Publisher: McElderry Books
Date of Publication: September 22, 2015
Dates Read: August 26th – September 11, 2016
The world is at peace, said the Utterances. And really, if the odd princess has a hard day, is that too much to ask?
Greta is a duchess and crown princess—and a hostage to peace. This is how the game is played: if you want to rule, you must give one of your children as a hostage. Go to war and your hostage dies.
Greta will be free if she can survive until her eighteenth birthday. Until then she lives in the Precepture school with the daughters and sons of the world’s leaders. Like them, she is taught to obey the machines that control their lives. Like them, she is prepared to die with dignity, if she must. But everything changes when a new hostage arrives. Elián is a boy who refuses to play by the rules, a boy who defies everything Greta has ever been taught. And he opens Greta’s eyes to the brutality of the system they live under—and to her own power.

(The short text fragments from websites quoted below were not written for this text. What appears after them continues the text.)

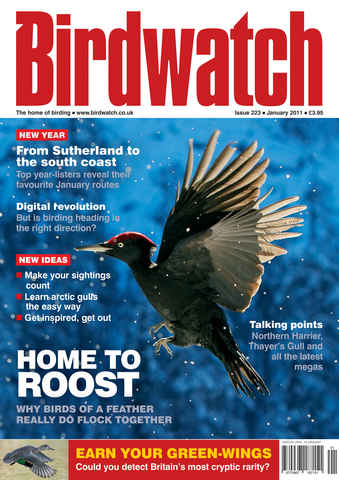 Birdwatch Magazine issue January 2011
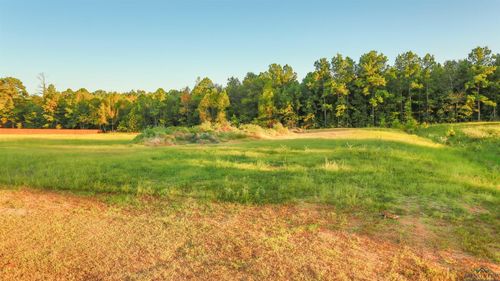 lot-24-majestic-oaks-115 Majestic Oaks, De Berry, TX, 75639 | Card Image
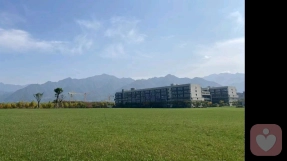 疗愈到底是怎么回事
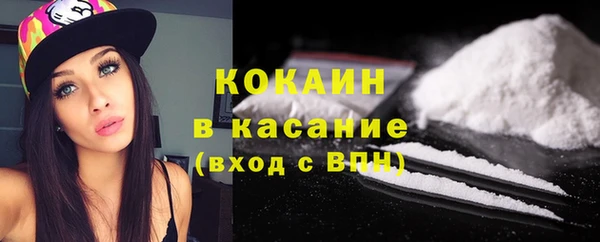 дмт Абаза
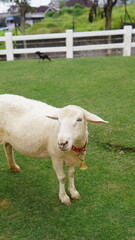 Fototapeta premium white sheep in the field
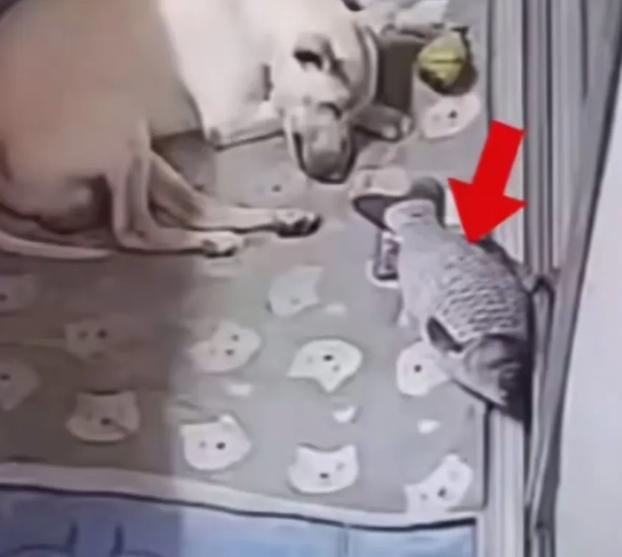 “我儿子不咬人！”哈尔滨女子被自家狗咬烂脸，半张脸缝针，还在问：能继续养吗？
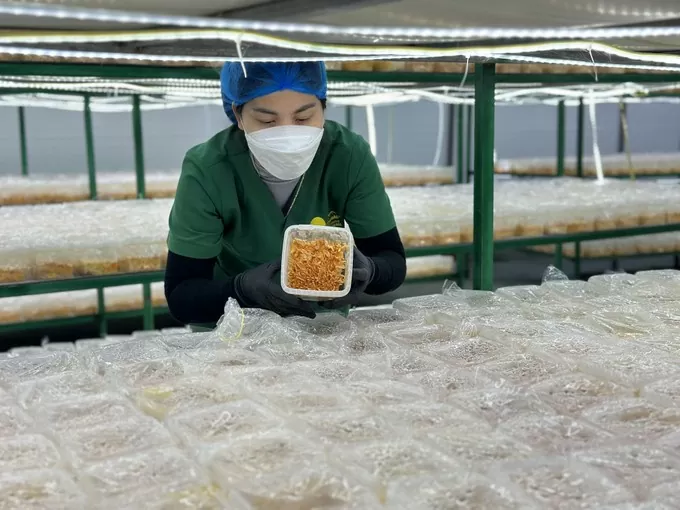 Quy trình nuôi cấy giá thể nấm đông trùng hạ thảo tại Hợp tác xã Nấm Tam Đảo, xã Hợp Châu, huyện Tam Đảo, tỉnh Vĩnh Phúc. Ảnh: Nguyễn Thảo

As Greta and Elián watch their nations tip closer to war, Greta becomes a target in a new kind of game. A game that will end up killing them both—unless she can find a way to break all the rules.
My Rating: ★★★★☆
Despite being spoiled for the end of this book, it still managed to surprise me.
The characters were wonderfully different; each had specific characteristics that set them apart, both in their looks and in their personalities. In this PanPolar (Canadian) Precepture, there were Children from all over the world: Greta, Elián, Li Da-Xia, Thandi, Atta, Han, and Gregori, all of whom grew and developed as the story progresses. I came to love all of these Children, which of course caused a bit of heartbreak along the way.
I liked the concept of this book, and enjoyed Erin Bow’s writing style, though sometimes it could be a little information heavy and dragged out due to its complexity. It definitely had a slower pace than most dystopians, so I can understand why some people may find it boring. This pace to me, however, translated into a suspenseful novel, where you didn’t know who would get in trouble and what the consequences would be.
The Scorpion Rules also really changes up how you see the person you would assume to be the enemy. Since Talis is the one who’s pretty much in charge, in the usual dystopian that would be the person you’d expect the teenagers to take down. But Talis is given a personality, a real humanness and backstory despite being a ruthless AI, that makes you kind of like him. We may not agree with all of his actions, but he is the AI who has managed to bring the world peace.
And if you’re wondering about romance, it doesn’t play a major role in this book. There is a little bit of it, including LGBTQAI+ romance. This book also manages to touch on different kinds of love outside of romantic love, particularly love between supportive friends.
Overall: A suspenseful and complex read that has me excited to read the next book, The Swan Riders.